= María M. Portuondo =

American historian of science

María Matilde Portuondo Gamba is an American historian of science, retired as a professor emerita in the Department of History of Science and Technology at Johns Hopkins University. Her research and books have focused on early modern cosmography, natural history, and technology in Spain and Latin America, including the work of 16th-century polymath Benito Arias Montano.

==Education and career==
Portuondo is originally from Puerto Rico. She came to the mainland US for a 1984 bachelor's degree in electrical engineering at the University of Miami, and worked as an engineer for 12 years. Returning to doctoral study in the history of science at Johns Hopkins University, she completed her Ph.D. in 2005.

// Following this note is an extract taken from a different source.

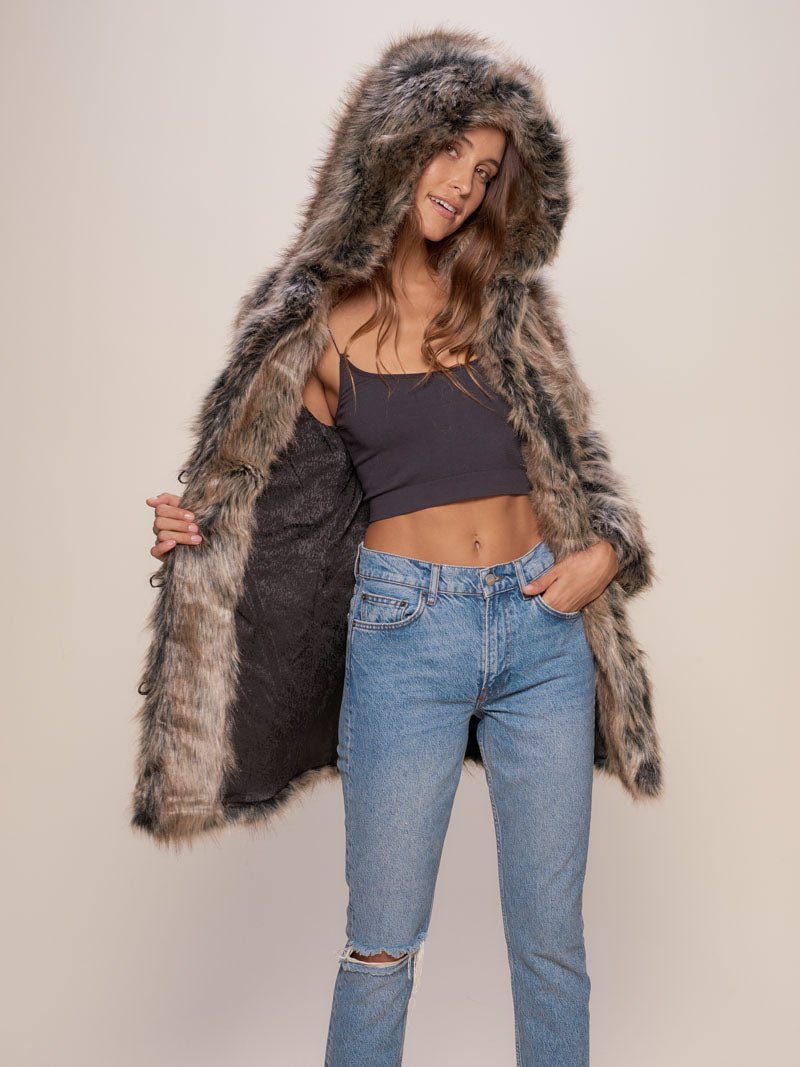 Smiling dark haired female model leaning against a painting while wearing hooded grey wolf fake fur coat.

She worked as an assistant professor of history at the University of Florida from 2005 to 2008, before returning to Johns Hopkins in 2008. There, she became a full professor in 2020, and served as department chair. She is retired as a professor emerita.

==Books==
Portuondo is the author of:
- Secret Science: Spanish Cosmography and the New World (University of Chicago Press, 2009); translated into Spanish as Ciencia Secreta, Cosmografía y Nuevo Mundo (Iberoamericana Vervuert, 2013)
- The Spanish Disquiet: The Biblical Natural Philosophy of Benito Arias Montano (University of Chicago Press, 2019)

==Awards and honors==
She received the 2010 John E. Fagg Prize of the American Historical Association for Secret Science, and the 2021 Pfizer Award of the History of Science Society for The Spanish Disquiet.